The aim of our research is to study the structure of exotic nuclei whose proton and neutron numbers are very different to those found in stable nuclei, and to study nuclei with extremely high angular momentum. In this way valuable information can be gathered on the description of the atomic nucleus using many-body quantum theory. Our knowledge on this theory is mainly obtained from nuclei close to the line of stability and extrapolations into the unknown regions of the nuclear chart often fail, partly due to the wrong choice of parameters, and partly for more fundamental reasons. Usually this research is carried out in collaboration with physicists from other UK Universities and from Europe and/or North America, with most of the Group's activities being transferred to overseas laboratories, especially in France, Finland, Germany and Switzerland. For more information on particular areas of research, please navigate through the following links:

Collective Behaviour of Exotic Nuclei - The key science objective of this programmes is to investigate reflection-asymmetric collective motion, and hence understand the nature of the effective nuclear interacitons, and more fundamental forces in nature, through studies of nuclear properties.
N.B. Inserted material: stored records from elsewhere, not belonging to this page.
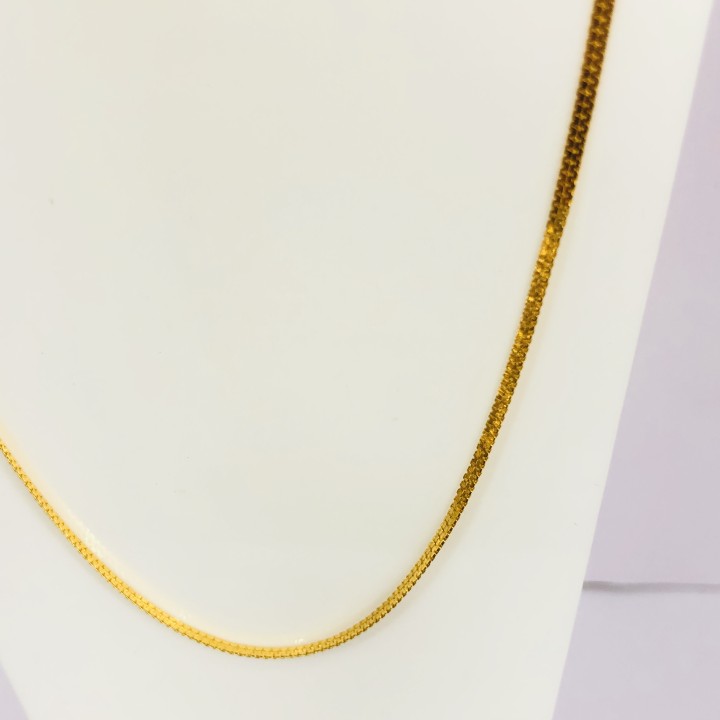 22kt, 916 Hall-Marked, plain subtle yellow gold chain JKC021 - Image 2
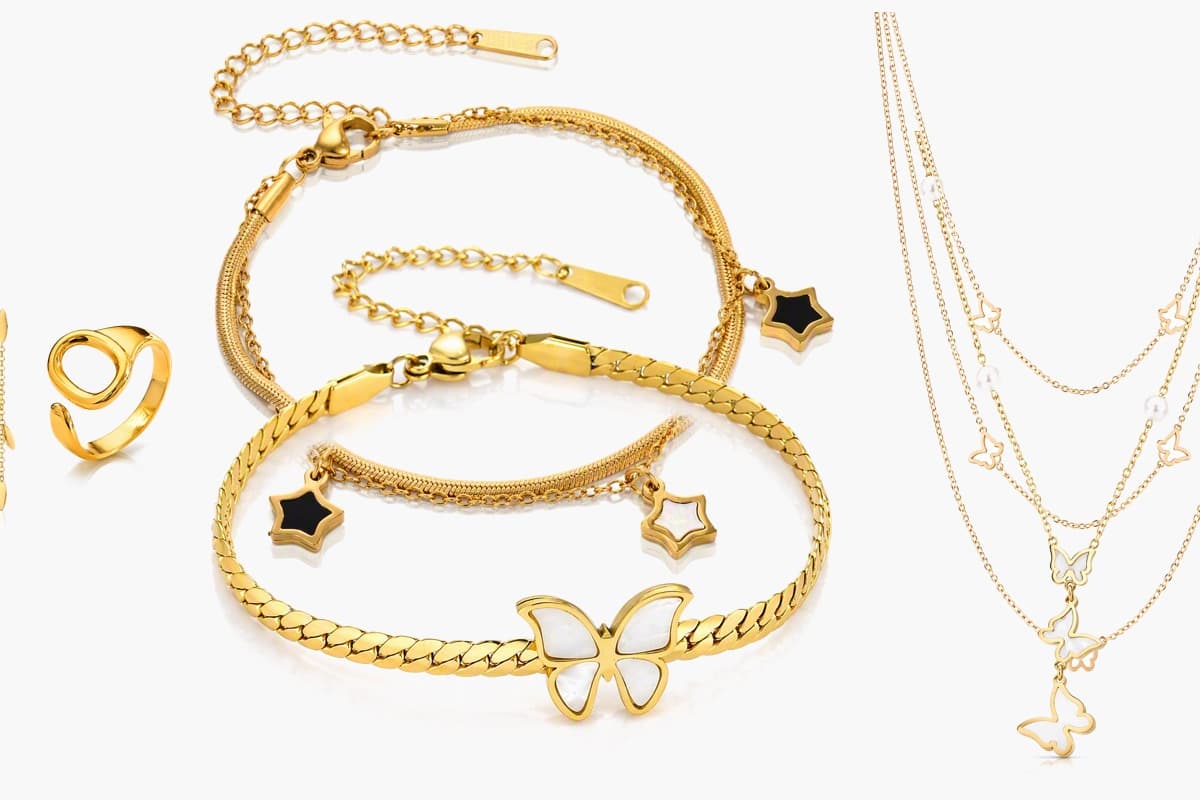Dainty Leaf Chain Drop Earrings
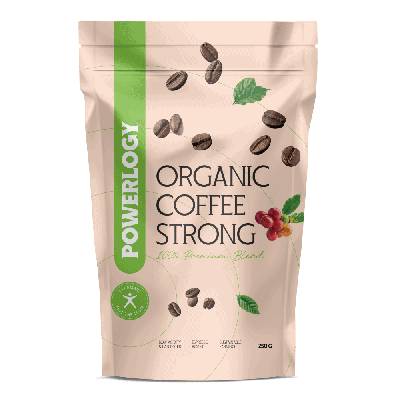 Powerlogy Organic Coffee Strong 250 g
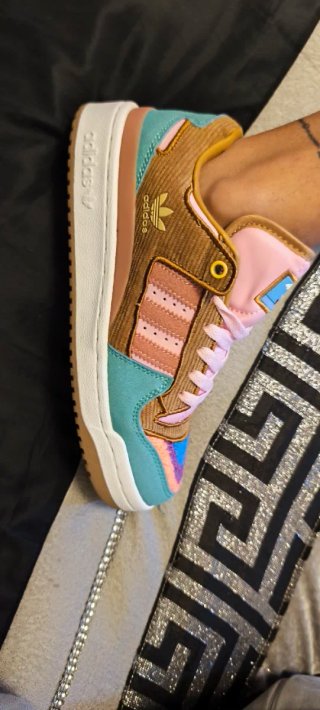 Zapatillas Adidas Marrón y Rosa
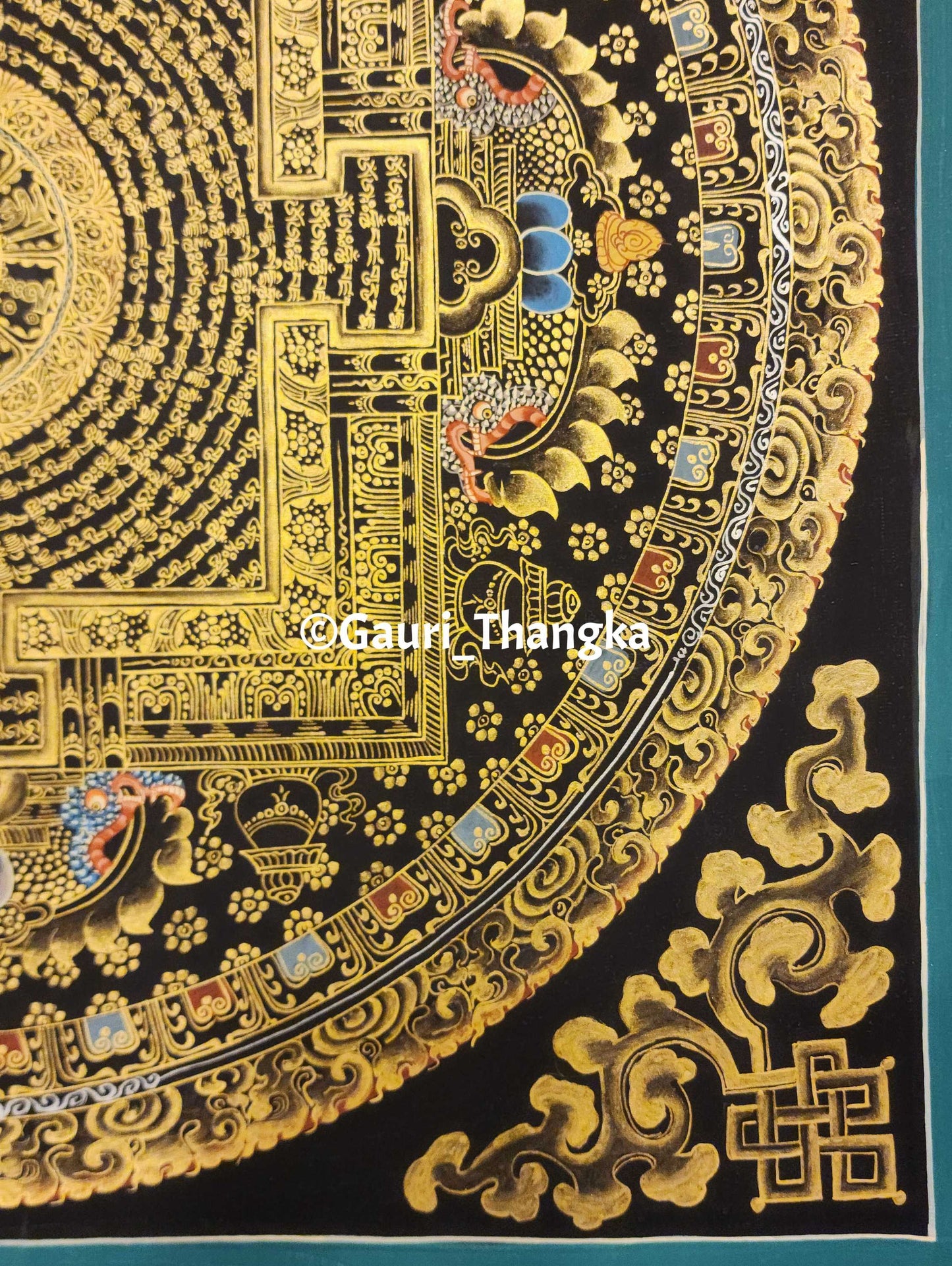 Gold Kalachakra Mandala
Exploring the Limits of Nuclear Existence for Heavy Proton-Rich Nuclei - This research involves leading experiments at international accelerator laboratories probing nuclei at the proton-rich limit of the nuclear landscape.

Ground and Isomeric State Properties by Laser Spectroscopy - Performed at international "isotope factories", this research studies how nuclei change away from the valley of stability via the use of laser spectroscopy.

Shell Structure and Deformation at Ultrahigh Spin in Nuclei - This research investigates the atomic nucleus at the extremes of angular momentum that occur in different regins of the Segre chart.

Structure of Superheavy Nuclei - Using the SACRED electron spectrometer designed by the Liverpool group, in conjunction with the recoil separator RITU in Jyväskylä, this research investigates the low-lying states in even-even and odd mass superheavy nuclei, as well as measurements of long-lived high-K states that hold the key to the structure of superheavy nuclei.

Thermodynamics of Strongly Interacting Matter - This research exploits the ALIC and NuSTAR experiments and addresses several of the STFC Roadmap Science Challenges: How did the Universe begin and how is it evolving? What are the fundamental constituents and fabric of the Universe and how do they interact?